Forte Energy employs the Pylon AB-5R for cost effective Radon detection

30th June 2011

Forte Energy (Perth) is exploring for uranium in the Sahara Desert of Mauritania with the aid of the Pylon AB-5R. It takes two days of travelling to get to the isolated project area.


The principle techniques are airborne and ground gamma radiometric surveys, with trenching and drilling of suitable anomalies. In some places a thin sand cover is present along the trend of a mineralised zone and as it only takes about 50-70 cm of sand to completely block gamma radiation, we are using radon gas to locate mineralisation below the sand. There are plastic film techniques to detect radon but these require a detector to be left buried in the ground for a month and then sent to a laboratory for processing. This required two visits to the site and a wait until the films are processed, and this is not cost effective.
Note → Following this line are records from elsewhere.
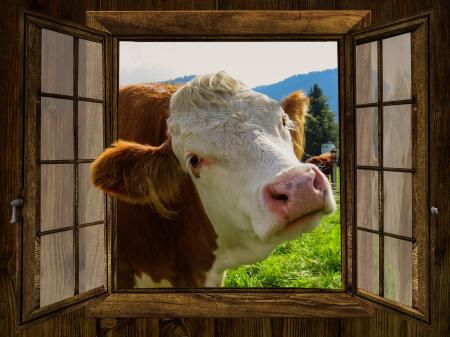 Cow through the Window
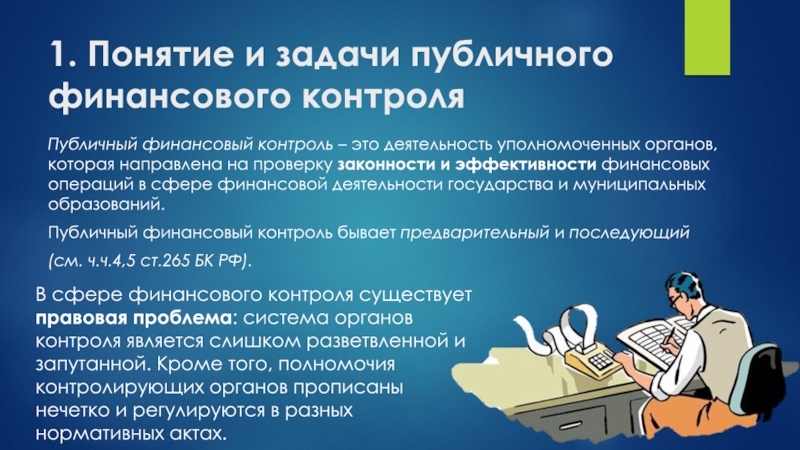Реферат: Система контроля деятельности хозяйствующего субъекта в России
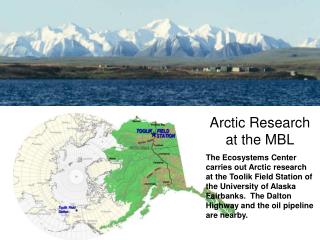 Arctic Research at the MBL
Instead, Forte Energy is using a Pylon Electronics AB-5R radiation counter with alpha-particle scintillation detectors (Lucas cells) to detect the radon gas. We drill a 50cm hole into the coarse granular soil using a portable gasoline-engined drill and then insert a steel probe with a coupling for the plastic tubes leading to the AB-5R. We measure the cell background for one minute, then use the internal pump to draw up a sample of soil air into the cell where three one-minute counts are then made. Then the cell is flushed with air and the instrument is moved to the next sampling point, usually 10 to 50 meters apart on a grid. Fairly repeatable results can be obtained, the main problem being the "fit" of the steel probe in the hole. It is usually necessary to hammer it down as the hole tends to fill in with fine sand and this makes an almost ideal gas-tight seal around the sampling tube.
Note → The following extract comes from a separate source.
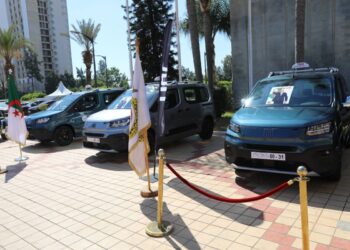 Véhicules "Fiat" fabriqués localement : Livraison du premier lot aux chauffeurs de taxi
The three counts allow Forte Energy to distinguish the counts due to Radon-222 (a daughter of Uranium) and Radon-220, also known as 'Thoron' (daughter of Thorium) as Thoron has a short half-life of 55 seconds while Radon (222Rn) has a half-life of 3.8 days. Moreover, the count due to 222Rn actually increase by a factor of x3 during the three hours after sampling and this can be discerned in the three mintues after sampling as a slight increase. This is due to the additional alpha-particle emissions from the short-lived daughter products of 222Rn (218Po and 214Pb) which build up rapidly at first and then more slowly until the maximum is reached after about three hours. The 222Rn parent then decays according to the 3.8 day half-life. This can be demonstrated by repeatedly measuring the activity from a cell during the hours and days following sampling.